La Casa Vacía

Son las 2:00 p.m. de un martes. Ya hice todos mis mandados, fui a una clase, salí a almorzar y ahora estoy aquí sentada frente a la computadora. Hay un silencio absoluto, que es un poco desconcertante. Ya casi se me había olvidado lo que es tener paz en la casa. Todas las televisiones están apagadas, en el fondo no hay sonidos de Nintendos, PS4, Flappy Birds ni Angry Birds, no hay bolas picando peligrosamente cerca de mis adornos en la sala, ni niños deslizándose en scooter de un rincón al otro.

Ayer terminaron las vacaciones de los niños, y empezaron las mías. ¡Yupi!

En vacaciones, a esta hora mis hijos adolescentes estuvieran recién despertados y en este instante yo estuviera peleando con ellos porque quieren desayunar, cuando ya pasó la hora del almuerzo.

Los más pequeños ya me hubieran llamado 6 veces para decirme que si pueden ir a la piscina, que alguien les pegó, un hermano los molestó, o que si pueden invitar un amigo a la casa.

También es posible que hubiera tratado de sentarme a trabajar en mi computadora, pero me habría encontrado con algún intruso usándola, y probablemente comiendo galletas y tomando soda, dejando mi teclado migoso y pegajoso.
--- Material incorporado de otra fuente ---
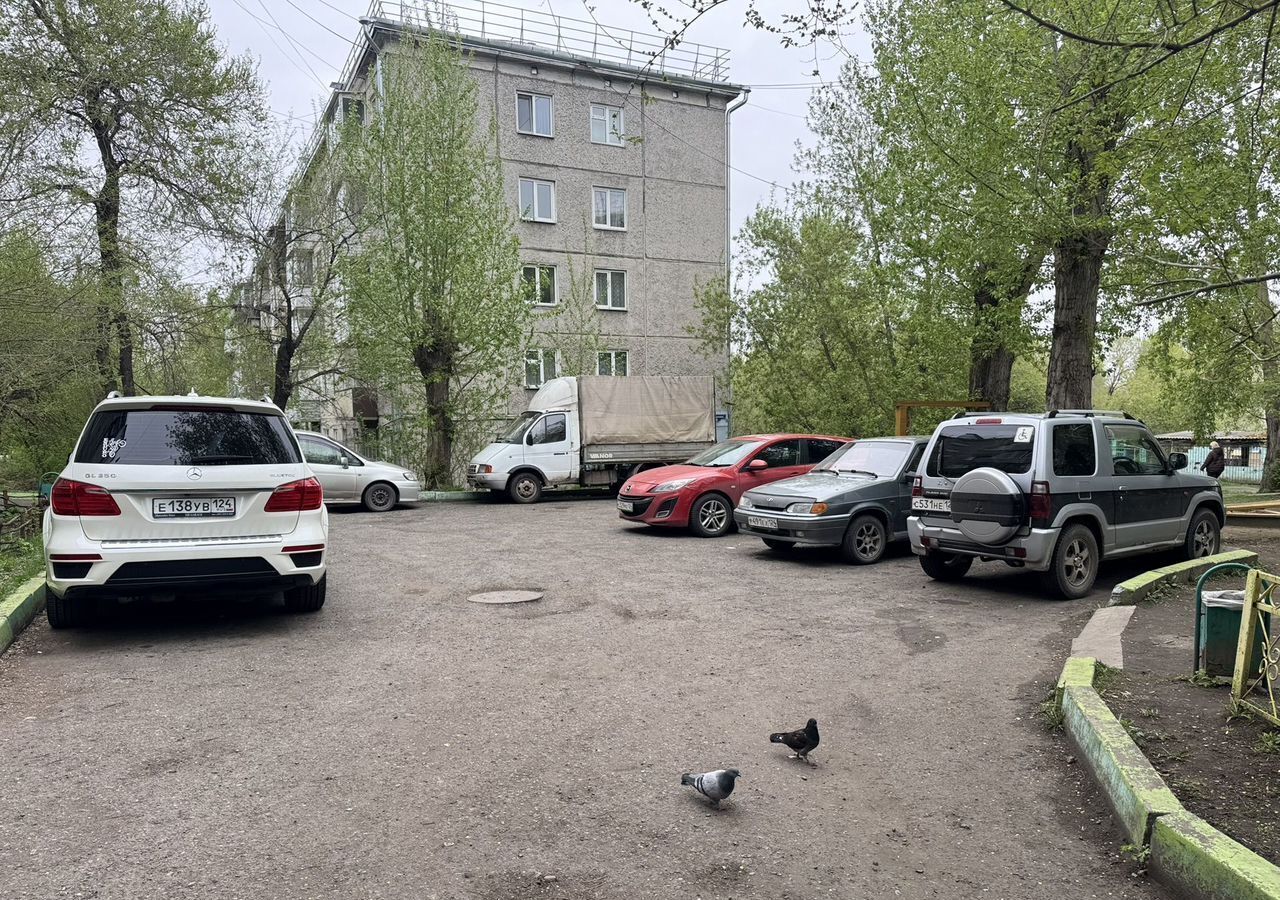 квартира г Красноярск р-н Октябрьский ул Юшкова 44 фото 20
El letrero que le había colocado encima que decía con letras bold «Computadora de Mami. ¡El que la usa lo reviento!», nunca surtió el efecto deseado, y un buen día desapareció, quedando nada más trocitos de cinta adhesiva arriba en la pantalla.

2:30… No me estoy pudiendo concentrar. ¡Hay demasiado silencio! Me paro, doy una vuelta, deambulo por la casa, y nada. Miro el reloj de reojo; son pasadas las 3:00. Me digo que si quiero terminar lo que tengo que hacer, mejor aprovecho ahora, pero es por gusto. No hay gritos ni peleas, pero tampoco juegos ni risas.

3:40. Alguien tocó el timbre. Del otro lado de la puerta se escucha un alboroto. ¡Qué alegría! Los niños ya están en casa.